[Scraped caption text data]

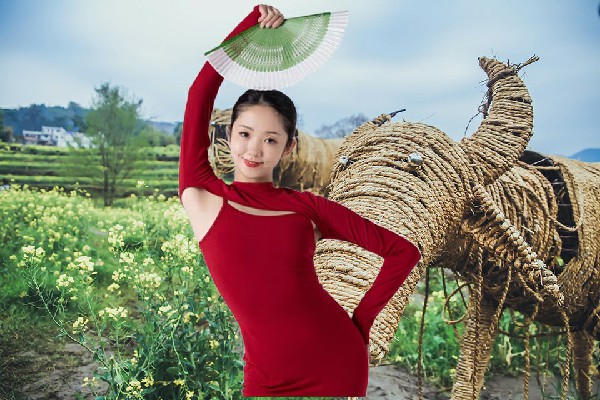 仲青芹膺选润雅乡炫舞世家仙子，一展歌喉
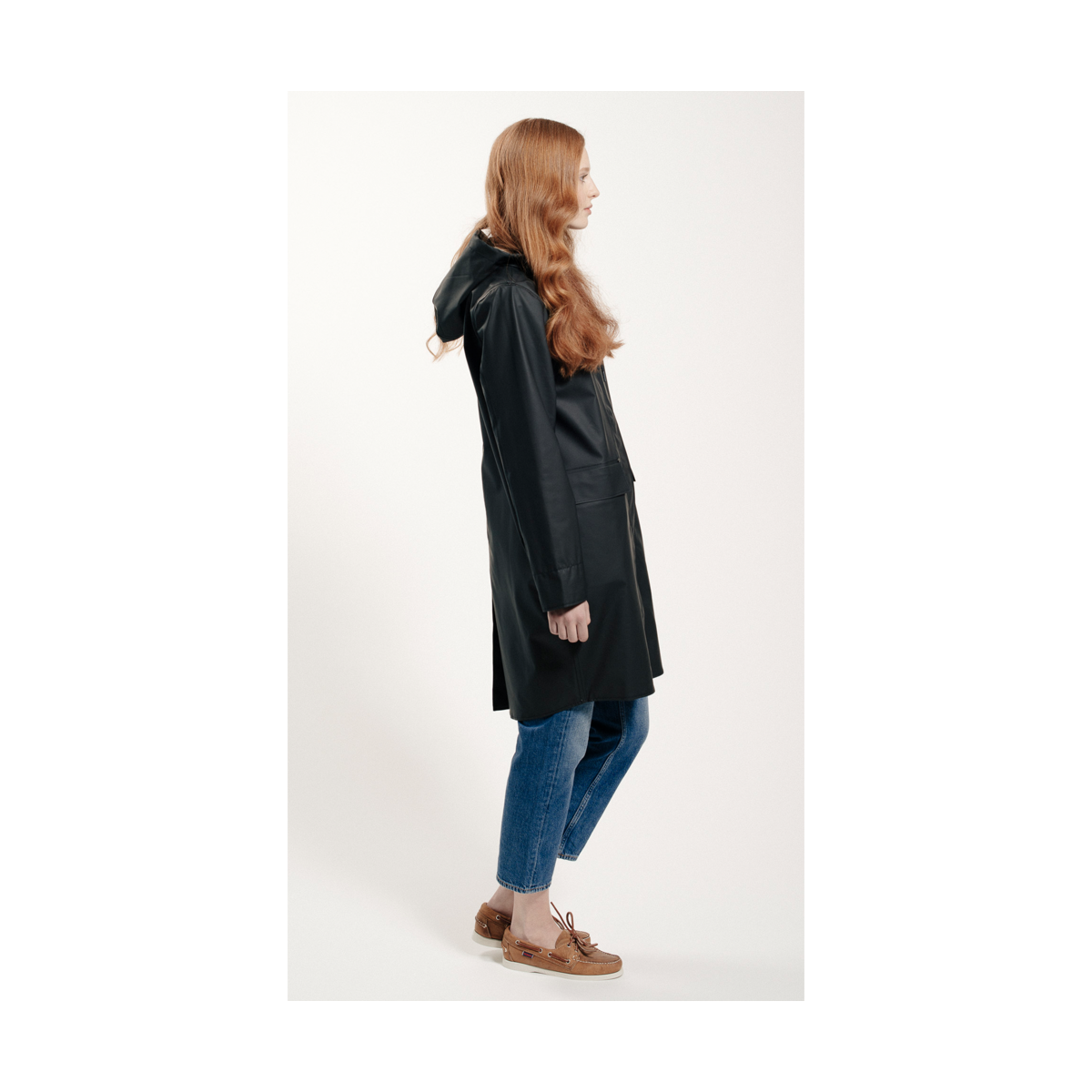 Schwarzer Fårö-Mantel 460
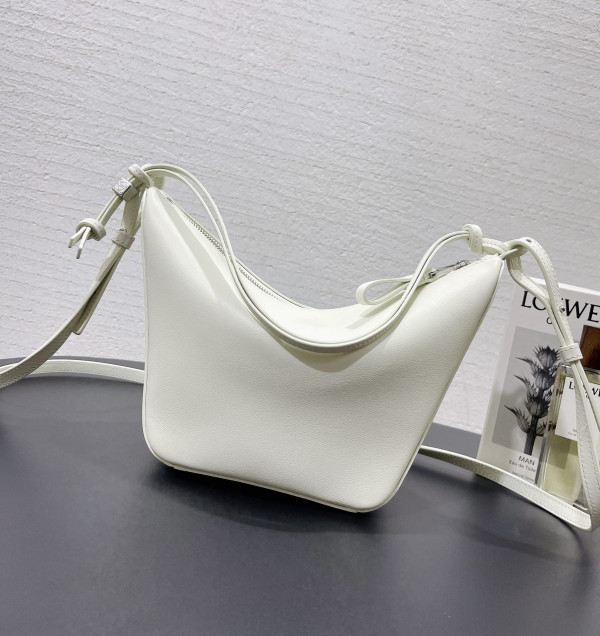 Loewe Hammock Hobo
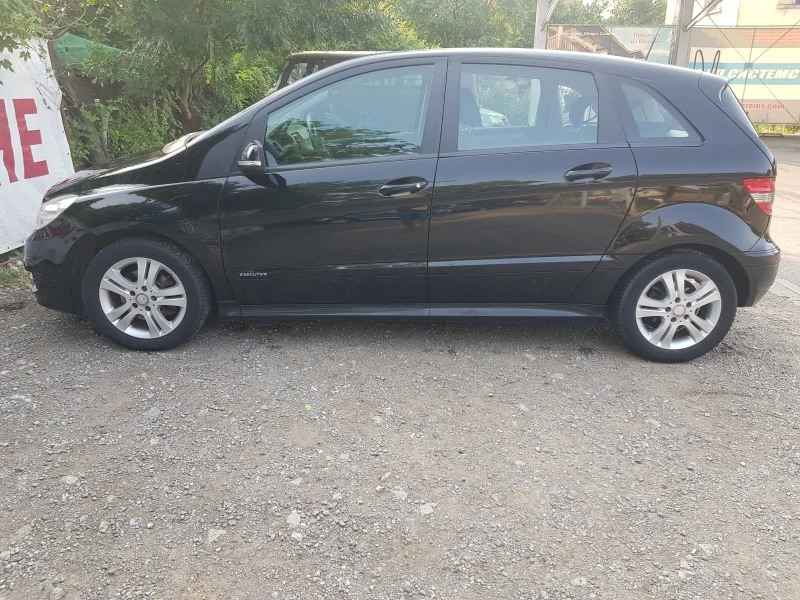 Mercedes-Benz B 180, снимка 8 - Автомобили и джипове - 44518555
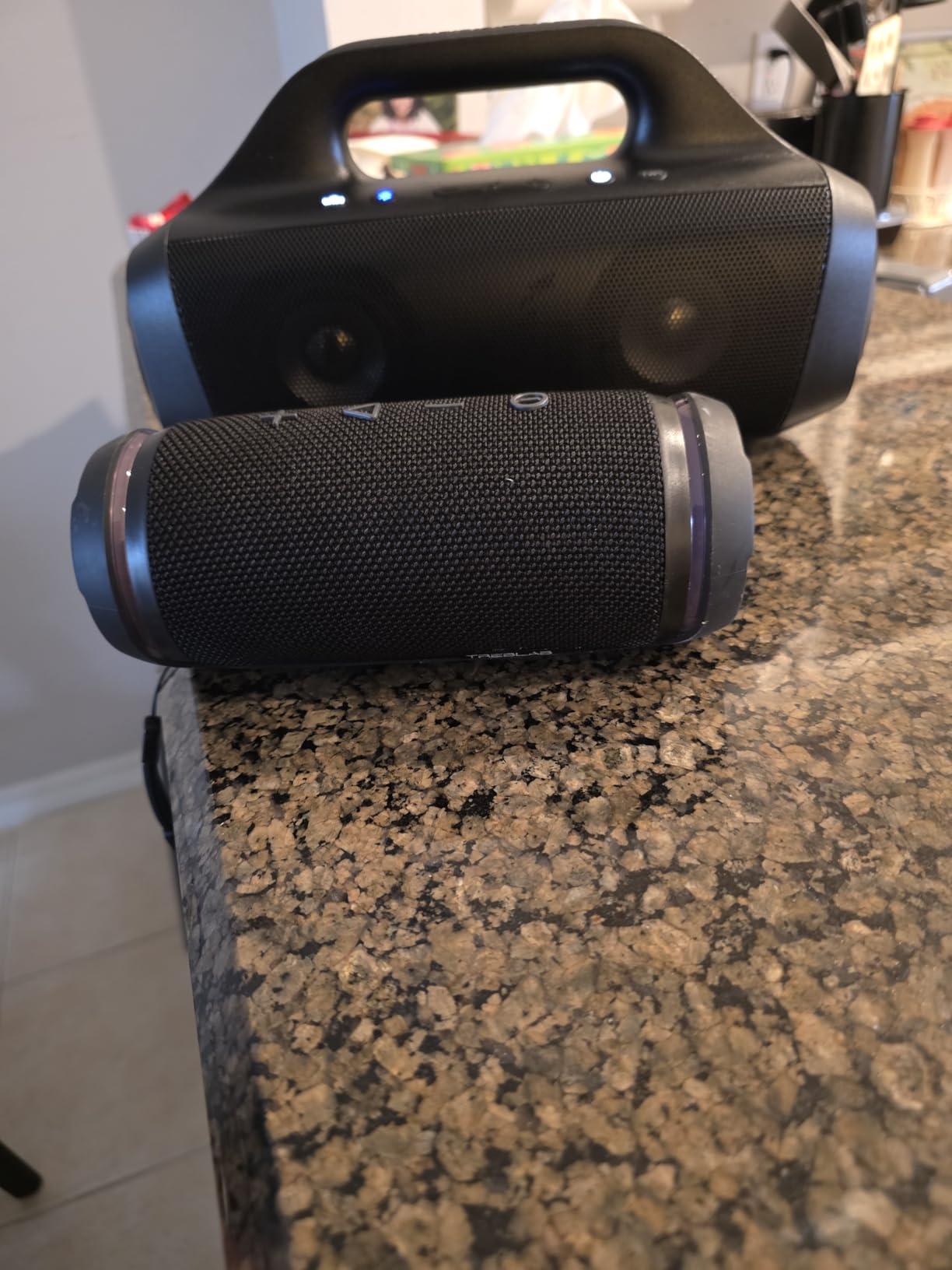 Anker Motion Boom, Portable Bluetooth Speaker, IPX7, BassUp | 24H Playtime, App, Built-in Handle, Outdoor Speaker for Camping, Pool, Beach, Backyard customer photo 2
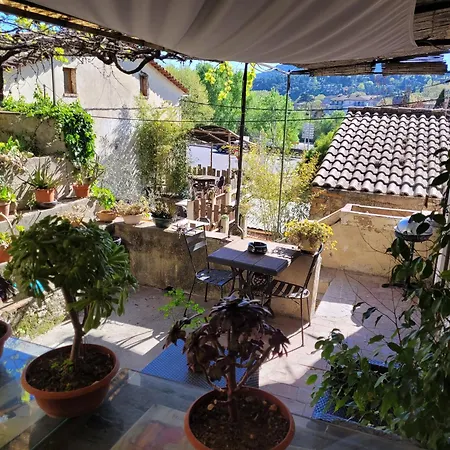 בית נופש Maisonnette Avec Terrasse Sur Le Gardon *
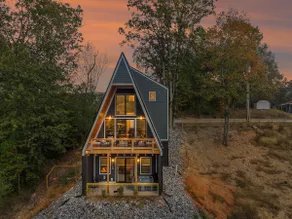 Hunters Ridge | Rustic Modern • Hot Tub • Goats! - Image 3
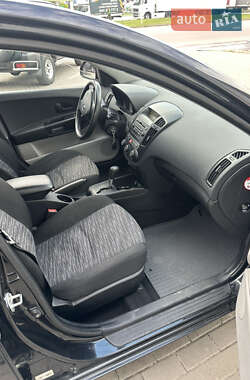 Хетчбек Kia Ceed 2009 в 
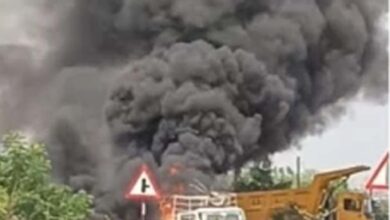 रायपुर में बड़ा हादसा: रोड मार्किंग मशीन में ब्लास्ट, आसमान में उठा धुएं का गुबार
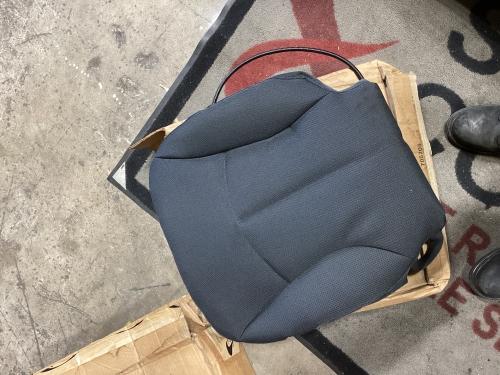 2876103-0680 - CUSHION,SEAT BOTTOM,17"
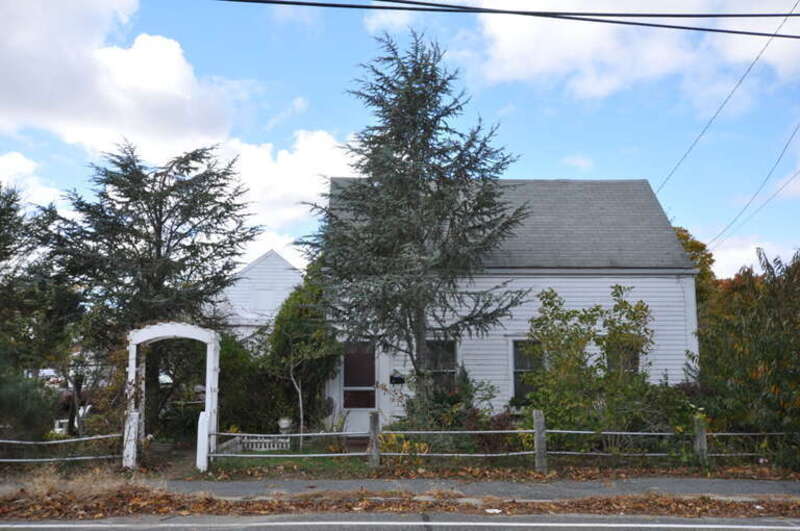 Canary-Hartnett House, Barnstable (Hyannis), Massachusetts.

» **PROBLEM TO SOLVE**: Your copy of the entries must be exact and must not include any of their pictures.

» **RESPONSE TO THE EXERCISE**:
 仲青芹膺选润雅乡炫舞世家仙子，一展歌喉
 Schwarzer Fårö-Mantel 460
 Loewe Hammock Hobo
 Mercedes-Benz B 180, снимка 8 - Автомобили и джипове - 44518555
 Anker Motion Boom, Portable Bluetooth Speaker, IPX7, BassUp | 24H Playtime, App, Built-in Handle, Outdoor Speaker for Camping, Pool, Beach, Backyard customer photo 2
 בית נופש Maisonnette Avec Terrasse Sur Le Gardon *
 Hunters Ridge | Rustic Modern • Hot Tub • Goats! - Image 3
 Хетчбек Kia Ceed 2009 в 
 रायपुर में बड़ा हादसा: रोड मार्किंग मशीन में ब्लास्ट, आसमान में उठा धुएं का गुबार
 2876103-0680 - CUSHION,SEAT BOTTOM,17"
 Canary-Hartnett House, Barnstable (Hyannis), Massachusetts.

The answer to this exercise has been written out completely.